Sensor-agnostic, highly accurate and automated algorithms that support common Synthetic Aperture Radar (SAR) imagery and workflows

A New Era for SAR

Embrace the exciting rebirth of Synthetic-Aperture Radar (SAR) based earth observation with powerful algorithms that have been developed by leading experts. With so many free and commercial constellations already providing terabytes of data on a daily basis, the opportunities to conduct science and develop services have never been better. Leverage the power of the CATALYST platform to implement automated SAR workflows.

SAR Interferometry (InSAR)

SAR Interferometry is a proven technique to derive valuable information for ground displacement applications. The CATALYST platform offers flexibility to complete InSAR processing steps manually, or through full automation. Multiple approaches can be addressed including Differential InSAR (DInSAR), Small BAseline Subset (SBAS), and Persistent Scatterer Interferometry (PSI).

Feature highlight: Persistent Scatterer Interferometry

InSAR analysis is often limited in terms of geographic coverage due to loss of coherence in areas with vegetation or rapid changes. Using persistent target detection across temporal stacks, individual points can be extracted to infer displacement.

SAR Object Analysis

Object Based Image Analysis (OBIA), a segmentation-based approach to image classification, can greatly benefit from fusing SAR and Optical imagery. The CATALYST platform leverages rigorous algorithms to best pre-process SAR imagery and improve the signal-to-noise ratio. For single, dual, quad, or compact polarized data, derived statistics can be extracted from either the intensity or the phase-and-magnitude elements of the signal (e.g. polarimetric decompositions), thus providing more information to achieve class separation and deriving finer details.

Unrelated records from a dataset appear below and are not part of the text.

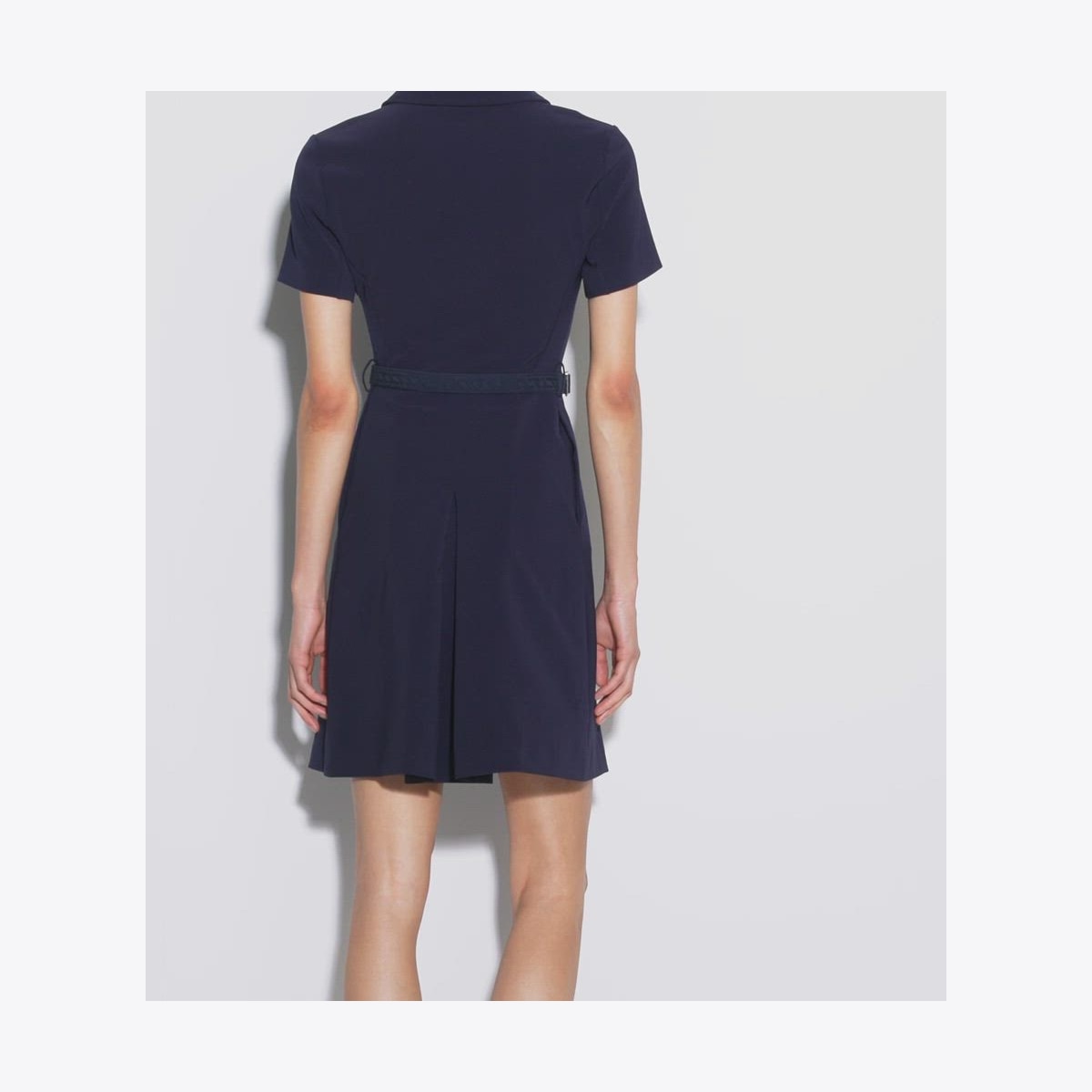 Short-Sleeve Pleated Golf Dress: Women's Designer Dresses | Tory Burch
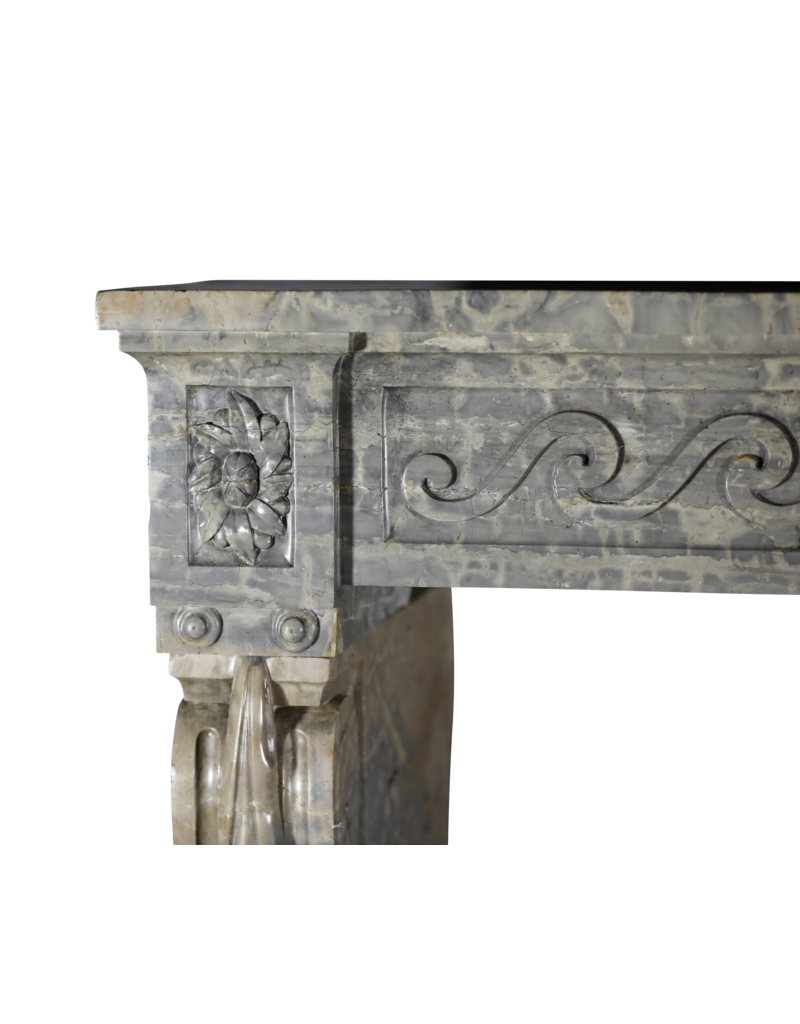 The Antique Fireplace Bank Luxus Antiker Kaminmantel aus Stein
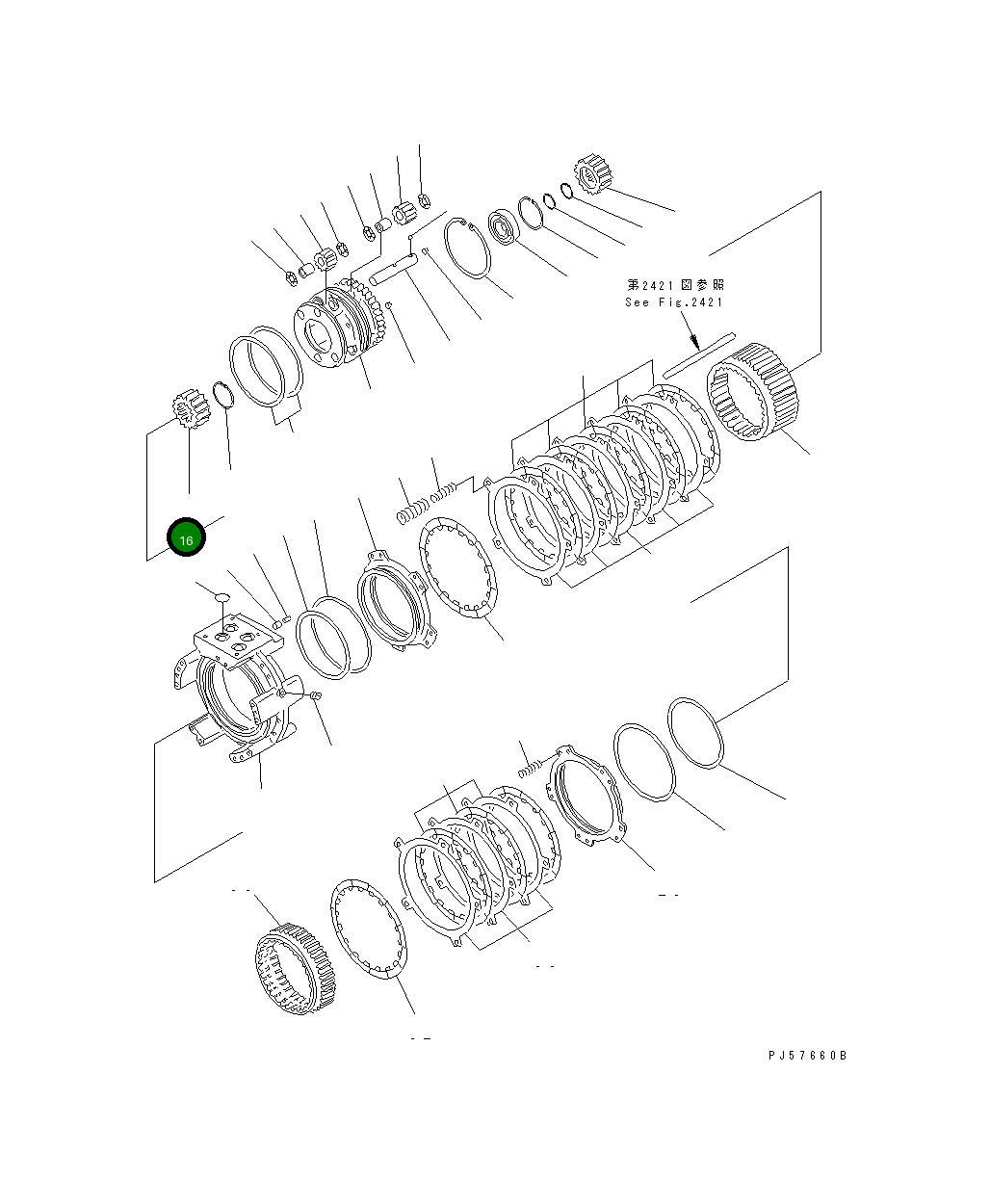 Шестерня 23B-15-12231 Komatsu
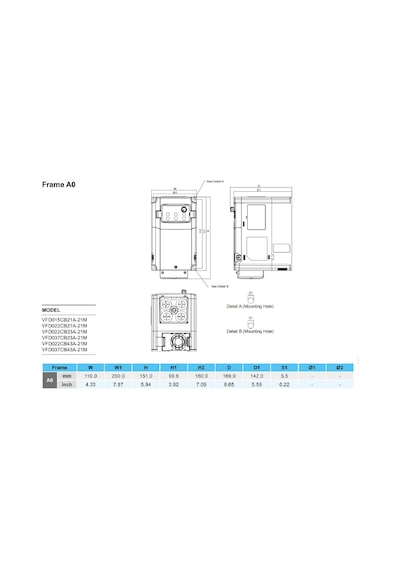 Delta Vfd015cb21a-21m ,c200-1.5kw/220v Ac Motor Sürücü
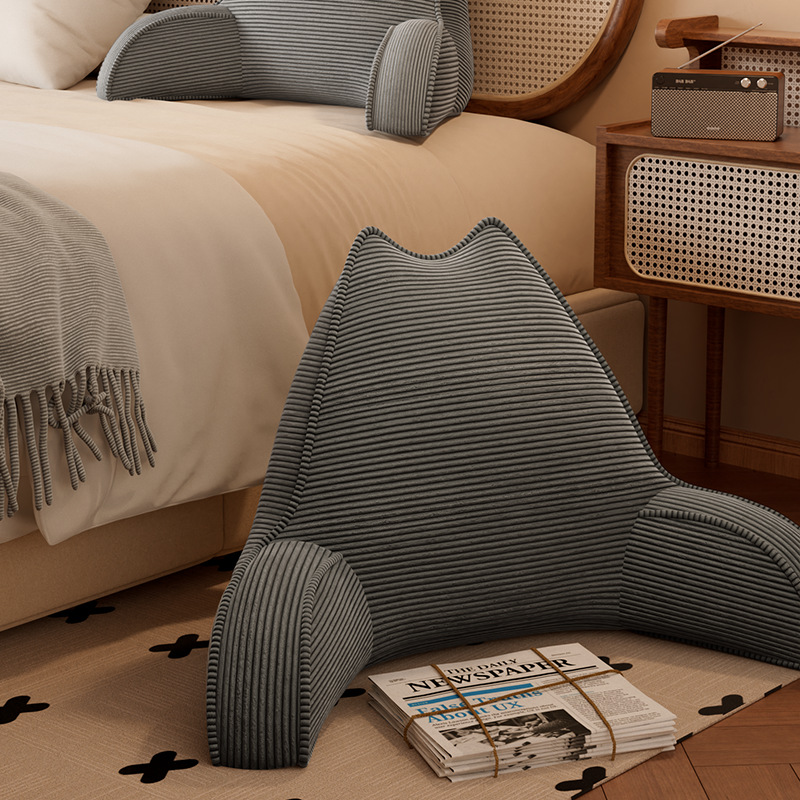 토끼 귀-코듀로이-다크 그레이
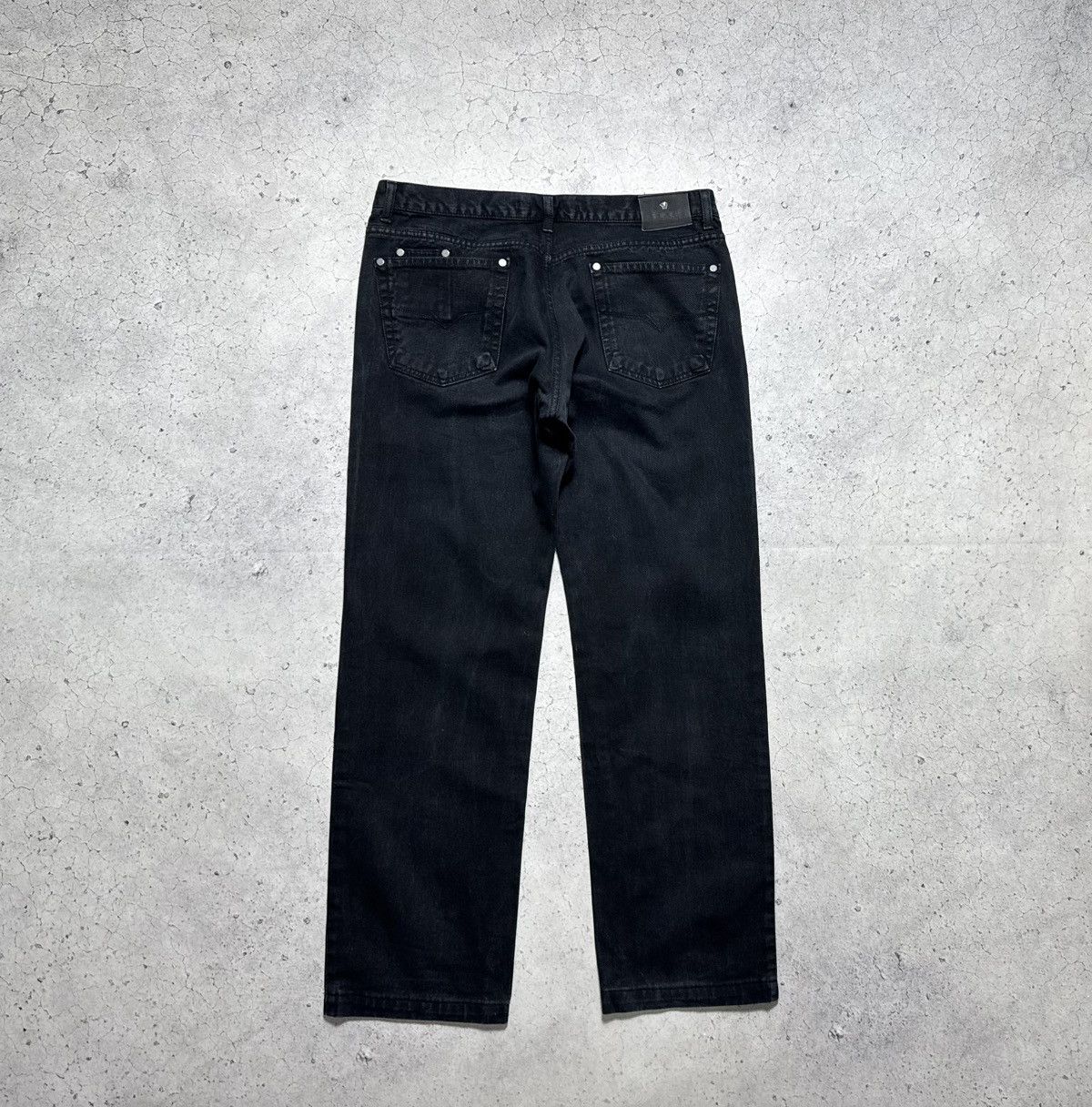 Versace Jeans Couture Versace Jeans Couture Vintage Luxury Black Denim Jeans Size US 36 / EU 52 - 2 Thumbnail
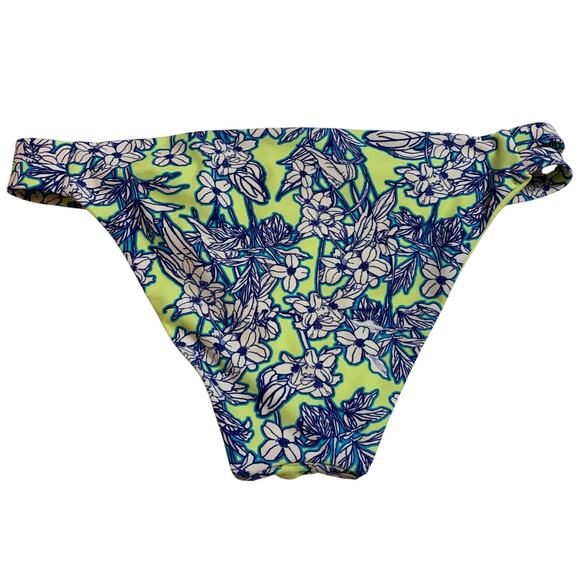 Adore Me Women's Blue And Green Floral Swim Bikini Bottom Size Small S - NWT - Picture 2 of 5
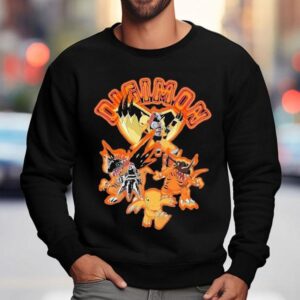 Dim Mak X Digimon Agumon Evolution Shirt 3 Dim Mak X Digimon Agumon Evolution Sweatshirt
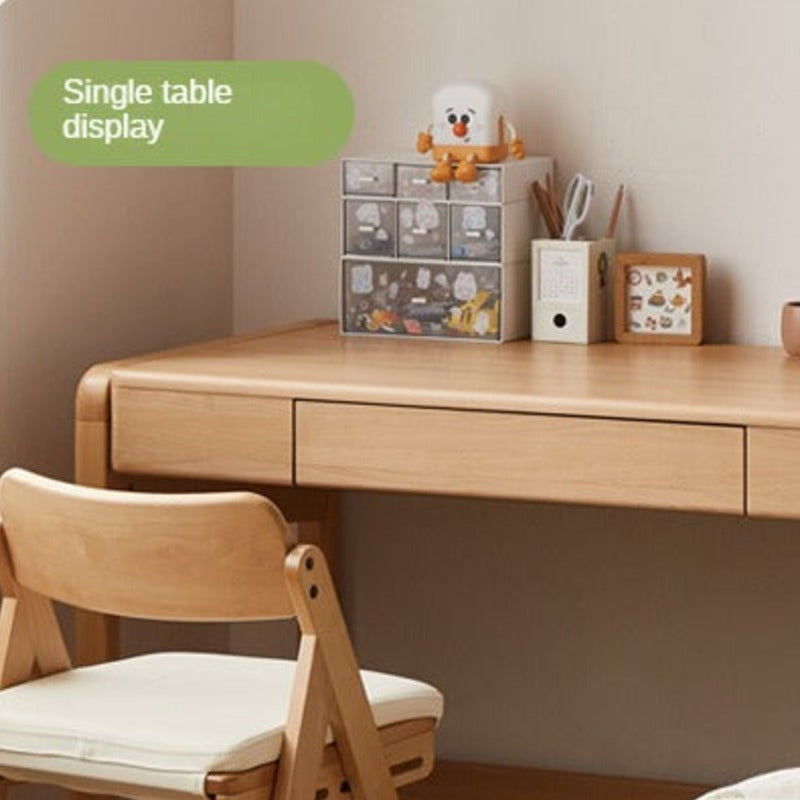 Beech Solid Wood Children's Study Table Eye Protection Lamp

Feature highlight: DATA FUSION

Segmentation and classifications performed on SAR images can be augmented by statistics extracted from other sources, including optical imagery or any other spatially overlapping data. Deriving accurate results requires good segmentation of SAR imagery, made possible through proper pre-processing of the imagery.

SAR Change Detection

Change detection is predicated on highly accurate image co-registration, which is a key strength of the CATALYST platform. Change detection algorithms can help you leverage intensity or the phase-and-magnitude elements of the signal, and quickly derive change information layers.

Feature highlight: Coherent Change Detection

Repeat pass SAR images can be used to derive changes in coherence. Since SAR is highly sensitive to moisture as well as structural differences between acquisitions, patterns of change can be highlighted. 

Sensor Support

You can work with many different types of SAR images in the CATALYST platform and maintain the integrity of the signal to fully leverage the information contents. Work with slant range, complex data formats natively without having to resample or project to ground range. Support for single, dual, full, and compact polarizations.


Specific support to properly align SAR imagery through the use of state vectors ensures your analysis can be easily integrated with other data types, including optical imagery, of other GIS data layers. Precise image correction algorithms to co-register and orthorectify imagery and derived products ensure highly accurate product generation.